(What you should do)
Please restate each line of the data below exactly. Omit all images.

(Data section)
-----

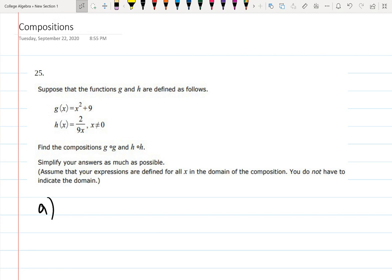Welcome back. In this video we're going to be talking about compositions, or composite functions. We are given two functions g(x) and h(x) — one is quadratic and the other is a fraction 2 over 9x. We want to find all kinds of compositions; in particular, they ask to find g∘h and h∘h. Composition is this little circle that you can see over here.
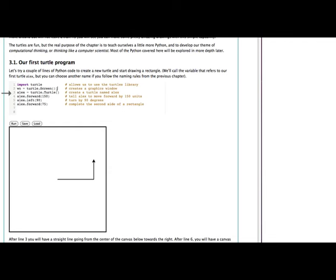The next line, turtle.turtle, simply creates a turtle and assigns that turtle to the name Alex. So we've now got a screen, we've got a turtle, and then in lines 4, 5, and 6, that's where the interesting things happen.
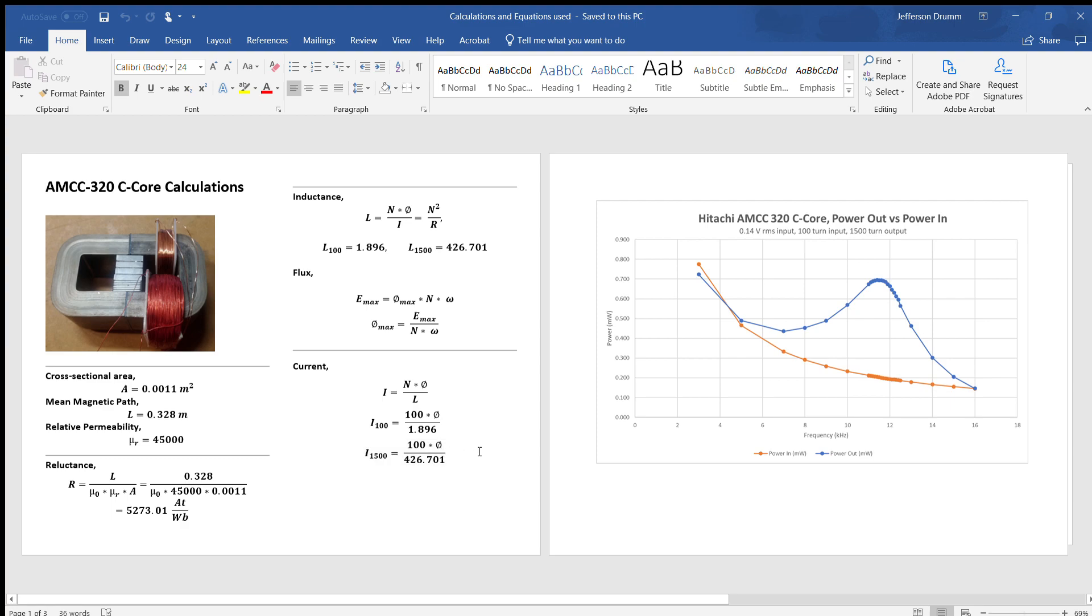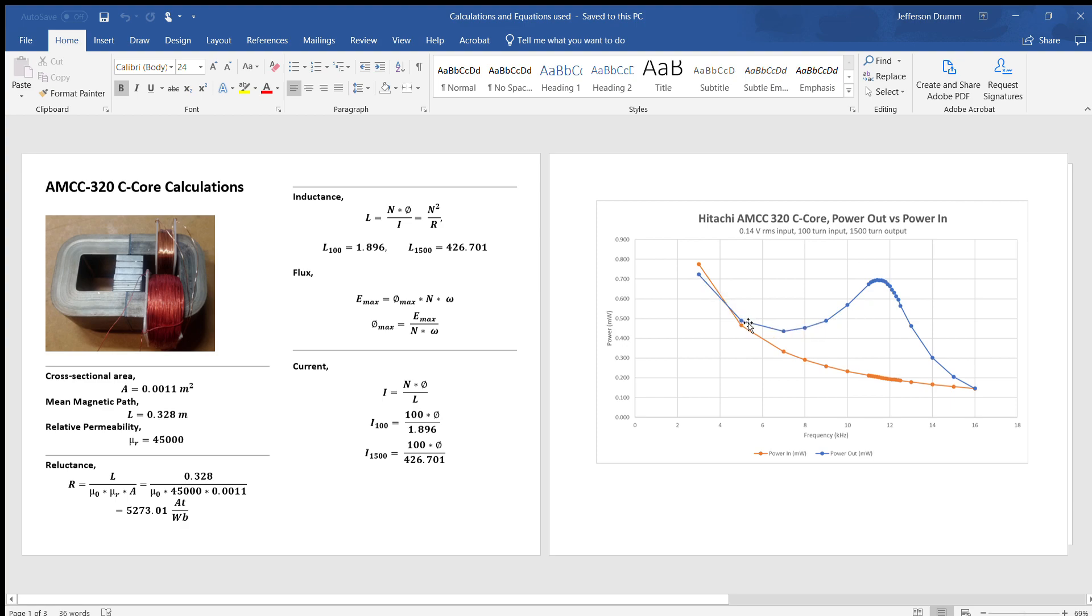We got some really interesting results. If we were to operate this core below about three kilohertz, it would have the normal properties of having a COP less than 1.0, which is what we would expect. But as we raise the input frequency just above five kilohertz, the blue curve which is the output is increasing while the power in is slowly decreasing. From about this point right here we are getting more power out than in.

-----

(Expected output)
Welcome back. In this video we're going to be talking about compositions, or composite functions. We are given two functions g(x) and h(x) — one is quadratic and the other is a fraction 2 over 9x. We want to find all kinds of compositions; in particular, they ask to find g∘h and h∘h. Composition is this little circle that you can see over here.
The next line, turtle.turtle, simply creates a turtle and assigns that turtle to the name Alex. So we've now got a screen, we've got a turtle, and then in lines 4, 5, and 6, that's where the interesting things happen.
We got some really interesting results. If we were to operate this core below about three kilohertz, it would have the normal properties of having a COP less than 1.0, which is what we would expect. But as we raise the input frequency just above five kilohertz, the blue curve which is the output is increasing while the power in is slowly decreasing. From about this point right here we are getting more power out than in.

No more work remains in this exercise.